━━━━━ TASK MATERIAL ━━━━━

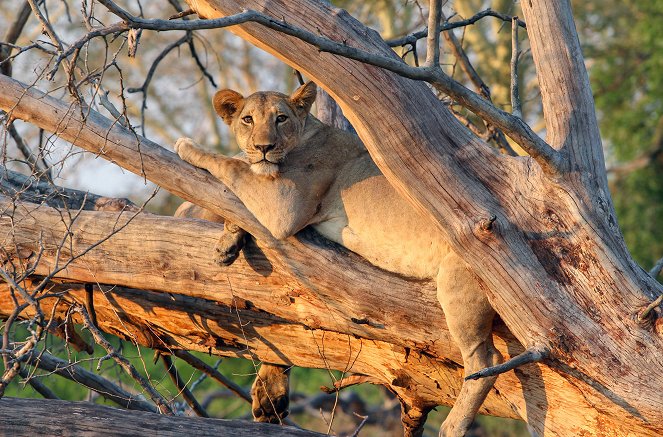 Überleben in der Wildnis - Kampf im Gorongosa-Nationalpark - Z filmu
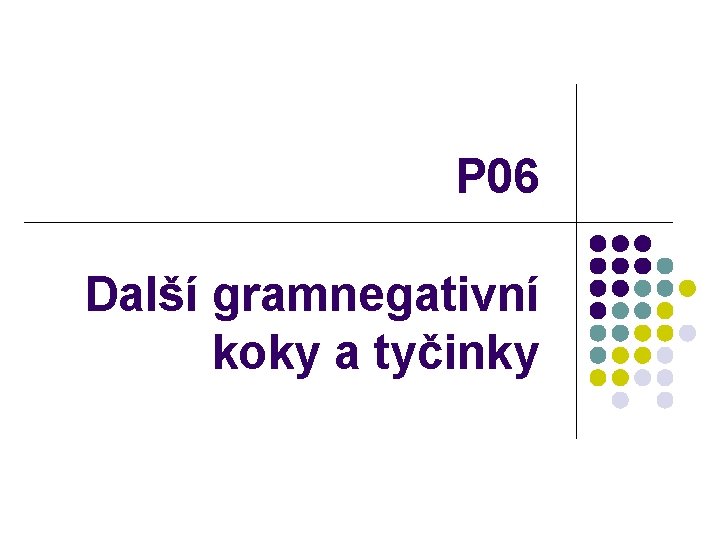  P 06 Další gramnegativní koky a tyčinky 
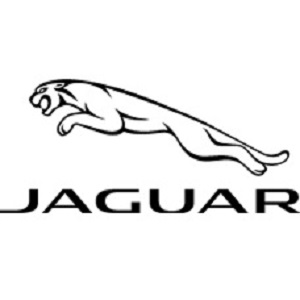 Jaguar of Arrowhead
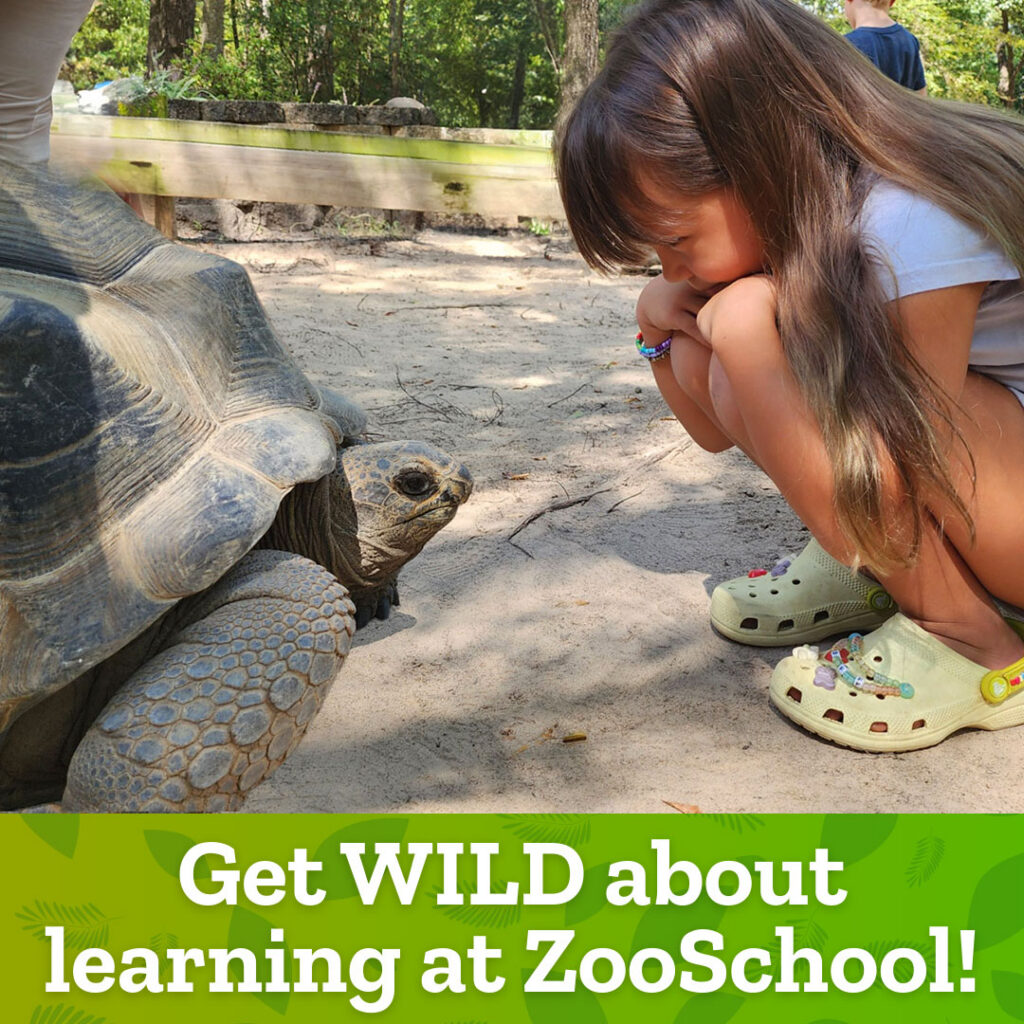 ZooSchool
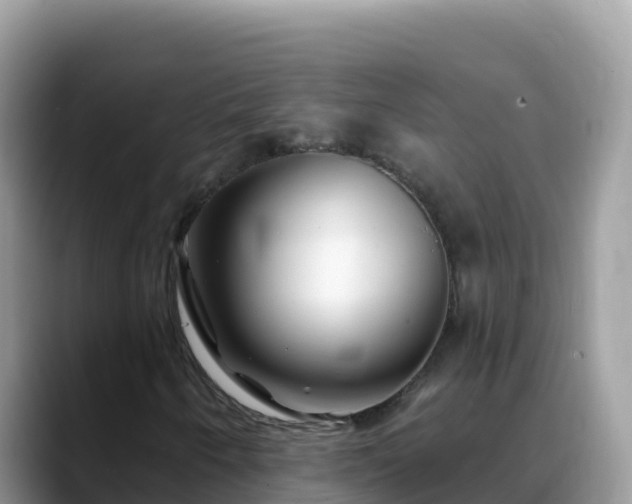 X0000088711250200706071553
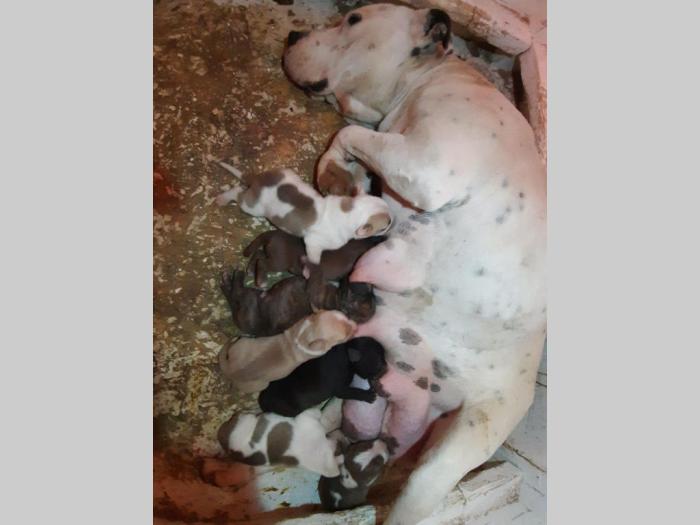 štenci pit bula raznih boja besplatni mali oglasi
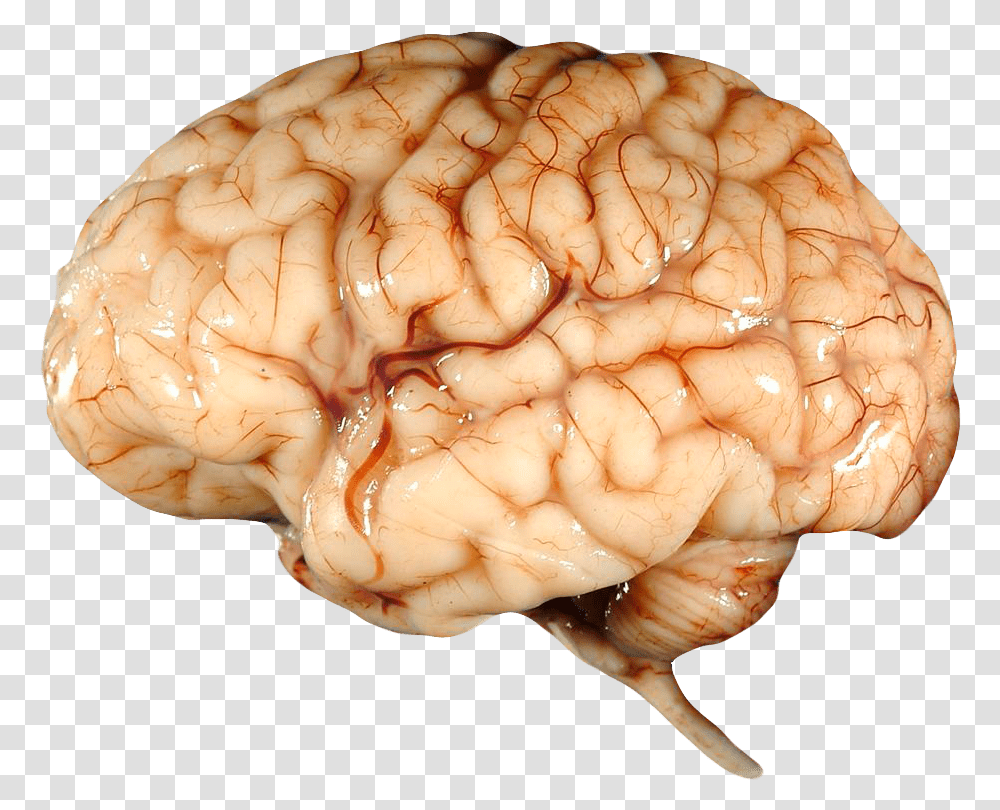 Real Brain Human Brain, Fungus, Accessories, Accessory, Gemstone Transparent Png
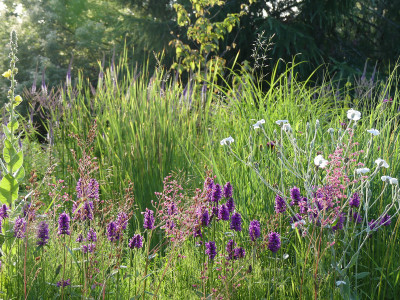 2020-07-03 Gartenimpressionen 4.jpg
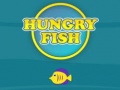 Játék Hungry Fish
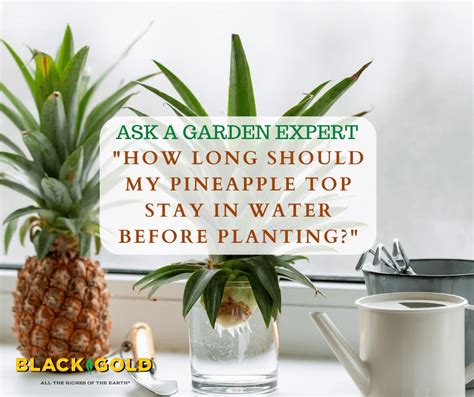 How Long Should My Pineapple Top Stay in Water Before Planting? – Black ...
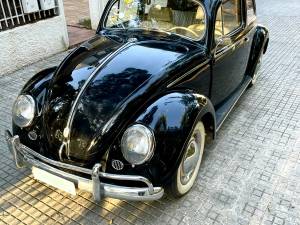 Image 2/31 of Volkswagen Beetle 1200 Export &quot;Oval&quot; (1954)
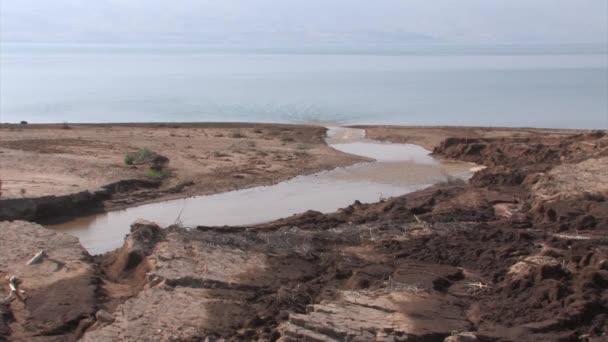 Río Jordán Desemboca Mar Muerto Israel — Vídeos de Stock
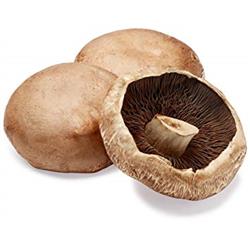 Mushroom Portobello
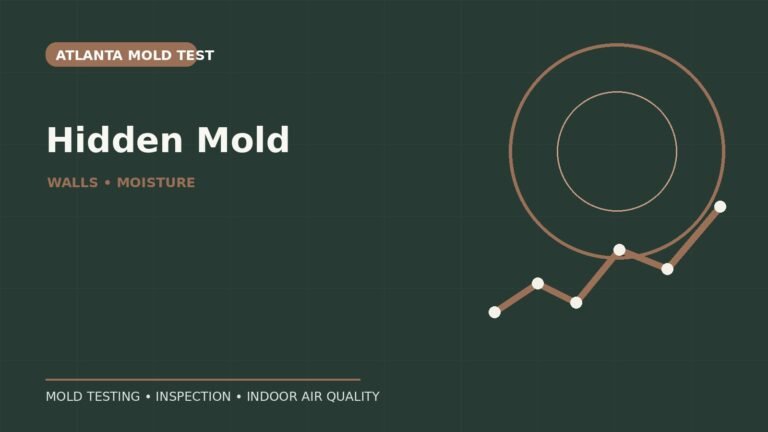 Can Mold Be Hidden Behind Drywall Without Visible Signs?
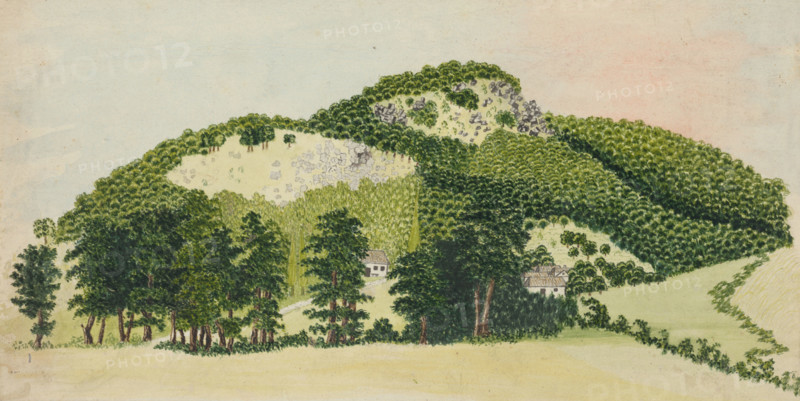 Forest I., 1850-1890.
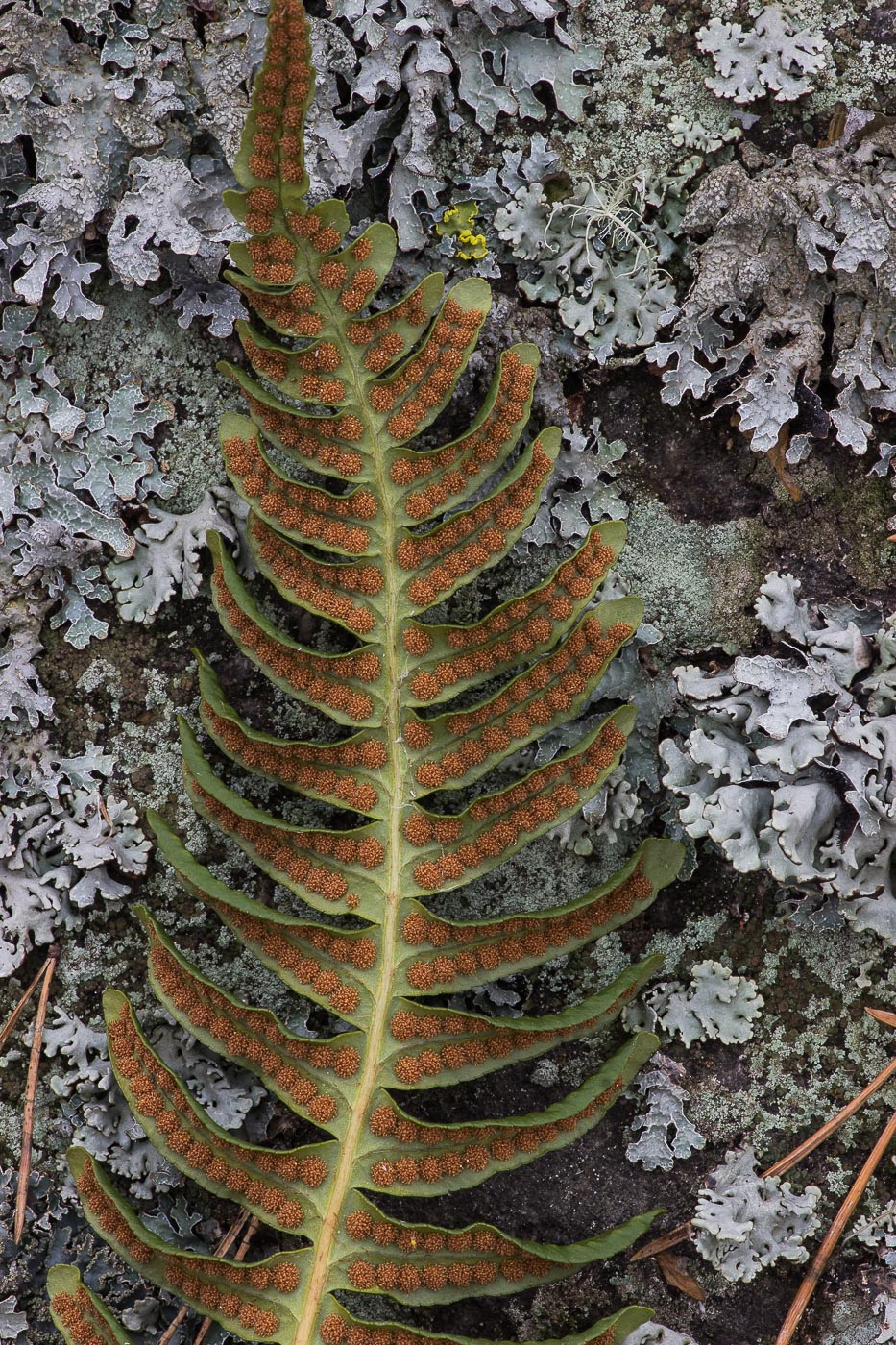 Image of Polypodium vulgare specimen.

━━━━━

* [TASK GOAL]
Make an exact copy of every record, pictures excluded.

* [SOLUTION FOR THIS PROBLEM]
 Überleben in der Wildnis - Kampf im Gorongosa-Nationalpark - Z filmu
  P 06 Další gramnegativní koky a tyčinky 
 Jaguar of Arrowhead
 ZooSchool
 X0000088711250200706071553
 štenci pit bula raznih boja besplatni mali oglasi
 Real Brain Human Brain, Fungus, Accessories, Accessory, Gemstone Transparent Png
 2020-07-03 Gartenimpressionen 4.jpg
 Játék Hungry Fish
 How Long Should My Pineapple Top Stay in Water Before Planting? – Black ...
 Image 2/31 of Volkswagen Beetle 1200 Export &quot;Oval&quot; (1954)
 Río Jordán Desemboca Mar Muerto Israel — Vídeos de Stock
 Mushroom Portobello
 Can Mold Be Hidden Behind Drywall Without Visible Signs?
 Forest I., 1850-1890.
 Image of Polypodium vulgare specimen.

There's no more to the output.